Patent Publication Number: US-6670859-B2

Title: Differential ring oscillator stage

Description:
The present invention relates to a differential ring oscillator stage, comprising differential delay means having a first input and an inverse second input and a first output and an inverse second output, a first output buffer means having its input connected to the first output of said delay means, and a second output buffer means having its input connected to the second output of said delay means. 
     Ring oscillators are widely known in the field of integrated circuit manufacture and usually comprise simple inverting logic circuits as stages. The current output of each stage takes a certain time to charge or discharge an input capacitance of the following stage to a threshold voltage. The stages are connected in series to form a cascade loop, so that at a certain frequency a 180° phase shift is imparted to signals passing around the loop. Provided the loop gain is large enough, the signals soon become non-linear resulting in square-wave oscillations which can be used for a variety of purposes, in particular for digital signal processing. 
     In metal-oxide-semiconductor (MOS) integrated circuits, ring oscillators are commonly used to drive charge pump circuits. In particular, ring oscillators are provided in BiCMOS or Bipolar and also in pure CMOS circuits. A preferred application of ring oscillators is the provision in data and clock recovery circuits or in PLL circuits. 
     U.S. Pat. No. 5,412,349 A discloses a PLL based deskewed clock generator. The clock generator comprises a phase frequency detector, a charge pump, a loop filter and a voltage controlled oscillator from which the internal clock is generated. The voltage controlled oscillator is based on a five stage ring oscillator where each stage is a differential current controlled delay cell. The delay through each cell is a function of the tail current through a p-channel differential source coupled pair, the differential voltage swing between the first output and the inverse second output, and the capacitive load on the first and second outputs. The voltage swing in the delay cell is held constant and independent of the supply voltage by utilizing voltage controlled resisters in the delay stage, a power supply insensitive voltage swing reference generator, a feedback replica biasing circuit and a voltage to current converter. The differential signal outputted form the ring oscillator is fed to a buffer amplifier which is implemented as a differential amplifier and converts the differential signal to a single ended highspeed clock signal. 
     U.S. Pat. No. 5,691,669 A discloses dual adjust current-controlled phase locked loop which is provided for a allowing multiple-gain frequency acquisition of a signal. The dual adjust current-controlled phase locked loop includes a phase detector responsive to a reference signal and a synthesized signal for producing a phase error signal, a controller responsive to the phase error signal for generating coarse and fine adjust control signals, and a dual adjust current-controlled oscillator responsive to the coarse and fine adjust control signals for adjusting the oscillating frequency of the synthesized signal. The dual adjust current-controlled oscillator includes a differential current-controlled ring oscillator comprising a series of delay elements. Each delay element includes a high gain circuit responsive to the coarse adjust control signal and a low gain circuit responsive to the fine adjust control signal. 

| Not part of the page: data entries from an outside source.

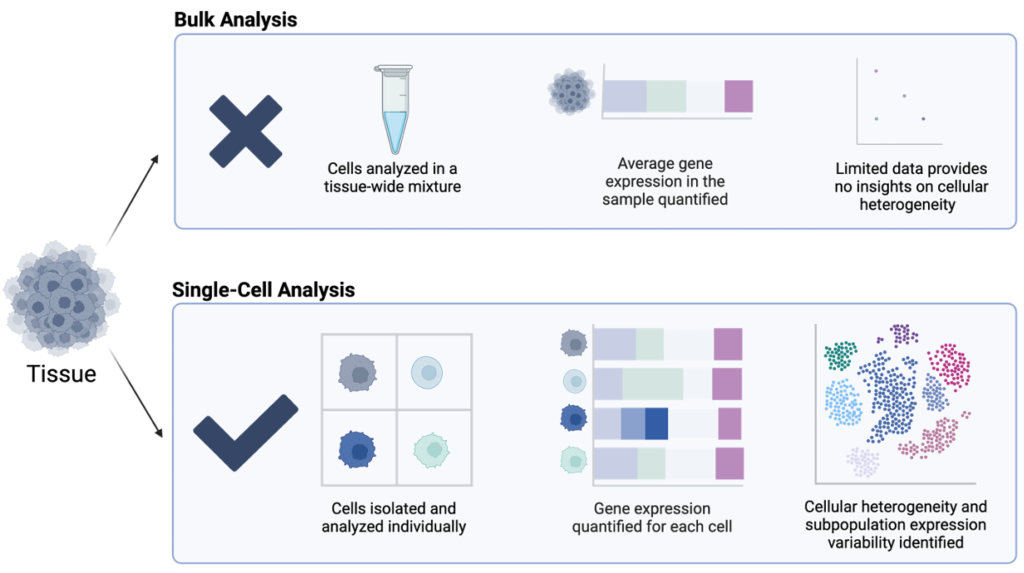 single_cell_pros_cons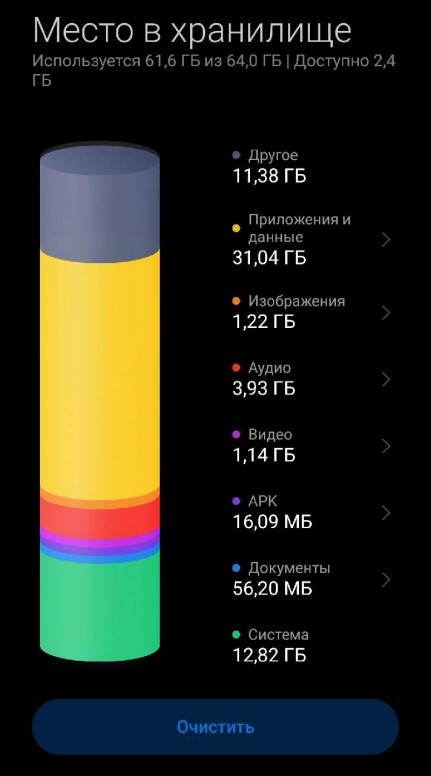 место хранилища другое xiaomi что это такое. Смотреть фото место хранилища другое xiaomi что это такое. Смотреть картинку место хранилища другое xiaomi что это такое. Картинка про место хранилища другое xiaomi что это такое. Фото место хранилища другое xiaomi что это такое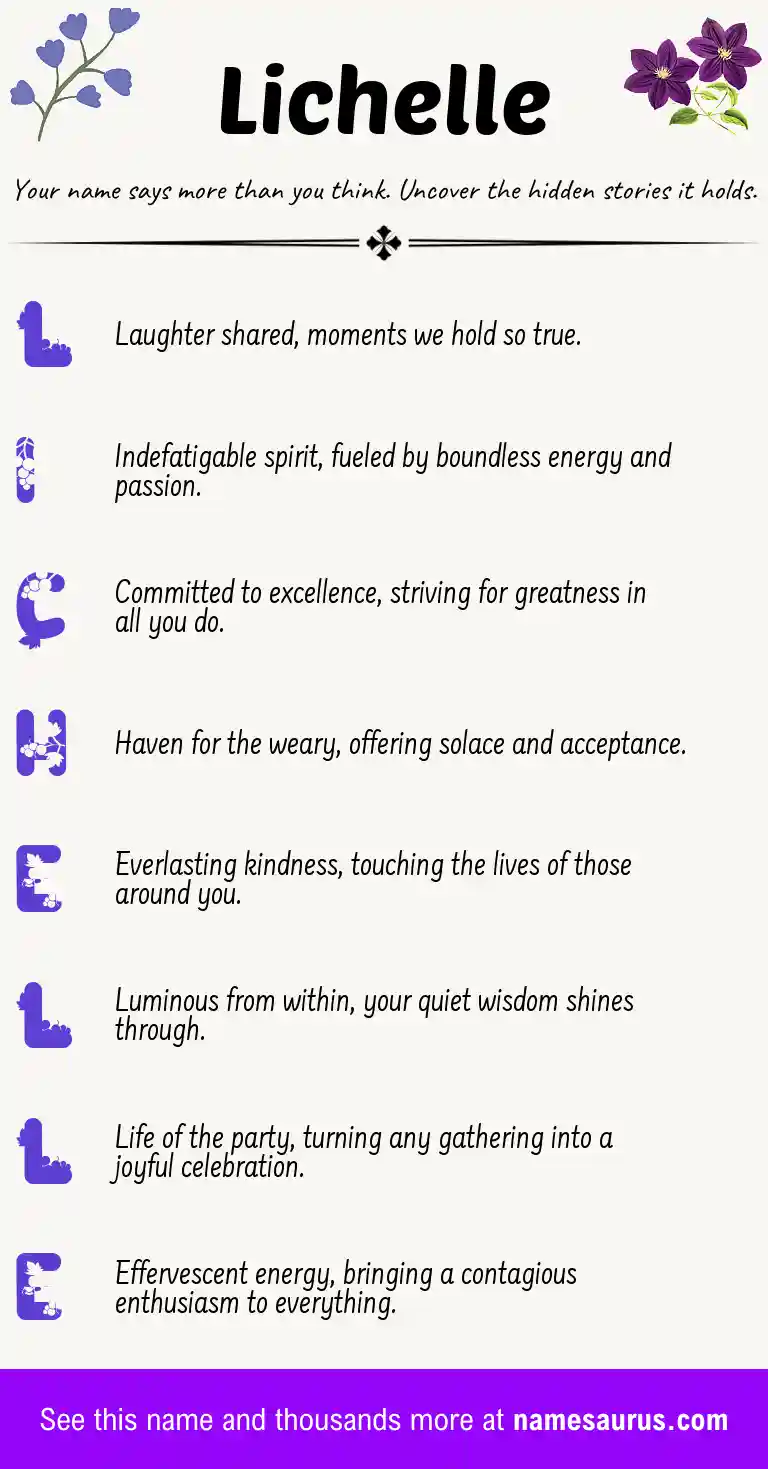 Acrostic poem about Lichelle.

     In order to achieve a high oscillator frequency in the GHz range, an obvious choice would be to limit the number of stages to two. The oscillator frequency can be varied by changing the delay per stage and if one can ensure a fine and a coarse tuning mechanism, then the oscillator will have two tuning ports. In optical networking application for applications above 10 GB/s low phase noise is essential to recover the clock in a Data and Clock Recovery circuit (DCR) with the additional requirement that the oscillator should provide an oscillation frequency stable with temperature and process variations. For some applications with more than one Data rate, a large tuning range oscillator is required. The linearity of the oscillator is also important for the reason of keeping the loop bandwidth of the PLL constant for different tuning situations. 
     The first and second output buffer means defining the differential output buffer means are included in the differential ring oscillator stage in order to provide a level shifting operation and to minimize the loading effect of the next stage. Since the signals in question are digital signals and consist of a series of pulses, the waveform of such pulses should be rectangular and, consequently, their edges should be vertical. However, due to certain physical effects the leading edges need a certain time to rise and the trailing edges need a certain time to fall, so that in reality the waveform of the pulses is not rectangular, but trapezoidal. Such a deviation from the ideal case of a rectangular waveform is basically not a problem in case the zero-crossings are interesting only. However, in particular due to the currents of parasitic capacitances at the outputs, the waveform of the signal is not symmetrical, but becomes asymmetrical wherein the fall-time of the trailing edges are longer than the rise-time of the leading edges. This effect results in phase noise and jitter which is a big disadvantage since an exact detection of the zero-crossings is not possible. In particular, at large signal amplitudes the current at the outputs saturate which leads to a very high asymmetry of the waveform. 
     It is an object of the present invention to provide a differential ring oscillator stage having reduced phase noise and jitter. 
     In order to achieve this and other objects, in accordance with the present invention, there is provided a differential ring oscillator stage, comprising 
     differential delay means having a first input and an inverse second input and a first output and an inverse second output, 
     a first output buffer means having its input connected to the first output of said delay means, and 
     a second output buffer means having its input connected to the second output of said delay means, 
     further characterised by 
     a first controllable current source means which is connected to the output of said first output buffer means and controlled in accordance with the signal from said second output of said delay means, and 
     a second controllable current source means which is connected to the output of said second output buffer means and controlled in accordance with the signal from said first output of said delay means, 
     said controllable current source means supplying currents to the output of said output buffer means such that within the working range the waveform of the currents is essentially proportional to the waveform of the signal from the output of said delay means. 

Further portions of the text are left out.